Vancouver fashion designers Frederick Fung (left) and Teresa Chen (right). Photo by Elton Hubner

Men’s Fashion Week is coming to Vancouver this Thursday and the two-day affair promises to showcase local talent whose collections are as multiculturally unique as their designers themselves.

“The mixed community with Europeans, Japanese and Chinese, for example, is a promising market,” says Theresa Chen, bridal department store consultant and designer, who will present her collection at the event on Aug. 9 and 11.

Men’s Fashion Week – or MFW – will highlight Vancouver’s multicultural roots by displaying the creations of 12 designers who grew up and studied in different countries around the world.
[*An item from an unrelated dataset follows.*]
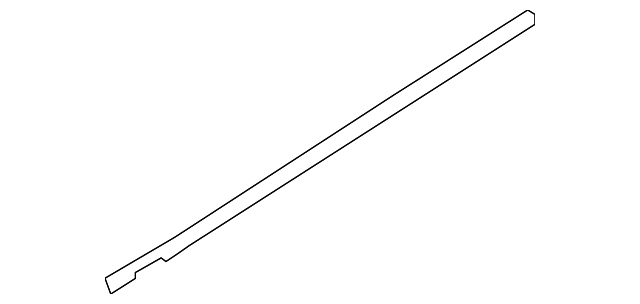 Front Door Outside Moulding, Left - Infiniti (80821-1CA0A) 2 Front Door Outside Moulding, Left - Infiniti (80821-1CA0A)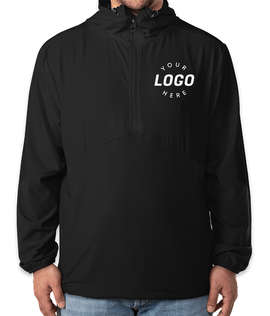 Russell Athletic Legend Half Zip Hooded Sweatshirt - Color: Black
Chen was born in Beijing and lived in Paris and London before graduating in menswear fashion design from the LaSalle College in Montreal.
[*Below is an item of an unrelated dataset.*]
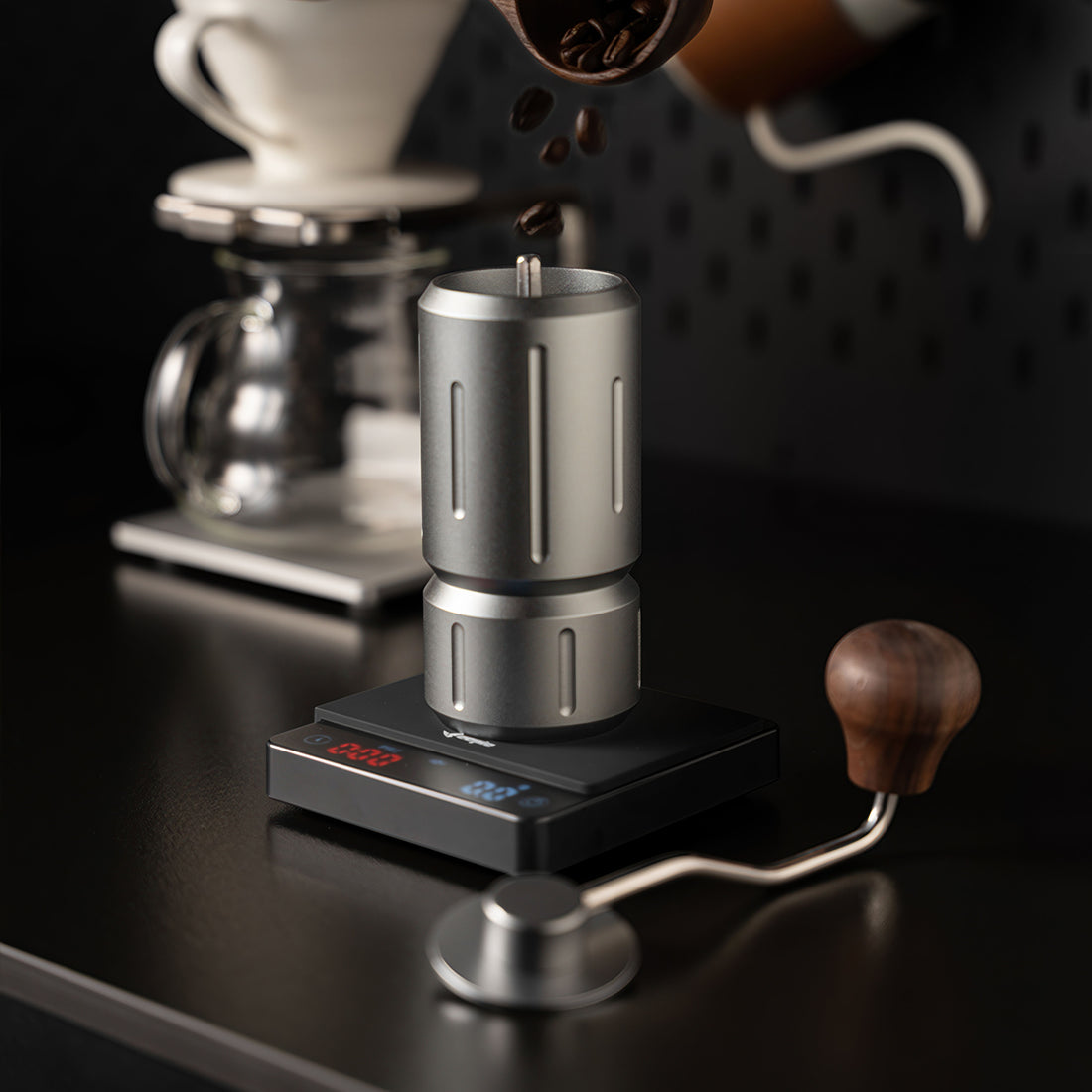 Seven Star Steel Portable Manual Coffee Bean Grinder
International designer Frederick Fung will also be attending MFW 2012. Fung left Hong Kong in the 1980s and spent a decade exploring the United States. In 1996, he crossed the border and decided to settle in Vancouver, where he would find not only his home, but also his biggest passion.

“I couldn’t find a job as a graphic designer or as a sculptor,” Fung recalls. He eventually enrolled as a student at the Helen Lefeaux School of Fashion Design. A few days after his graduation, he was hired as an assistant designer by a local company. Today, Fung passes on his knowledge and inspiration as a teacher of Design Concept and Sewing at the Visual College of Art and Design (VCAD).

He watched downtown’s boom from up close, but the city’s fashion community has evolved very slowly, he says. According to Fung, the growth – though modest – can be noticed on Main Street and Commercial Drive where many designers started their own businesses after learning about fashion and design in Vancouver in the past two decades.

An example of what to expect at MFW. Photos courtesy of Teresa Chen

“In other places, such as New York and Europe, the fashion industry is certainly bigger, but they also have fewer opportunities to offer,” Fung says. He believes that the men’s fashion market is growing. He sees it as an advantage to be in a city without a traditional foothold in the fashion market, and yet one that has just created an annual event focused on this market.

“The place and money are not my biggest concern,” Fung says. “I focus on my creation. I enjoy making clothes and I create them with my own hands.”

Chen says her participation in last year’s MFW opened doors shortly after she moved from Montreal to Vancouver. “Thanks to the event, she was able to make friends and establish connections with people from the industry, and also gain confidence in her own vision, she added.

For her, fashion is art. A designer’s inspiration can come from everywhere: movies, magazines or even people seen from far away.

“I used to be like that too,” says Fung. “Nowadays, I get inspired by the fabric. I touch it and feel the textures, the colors and then I can create.”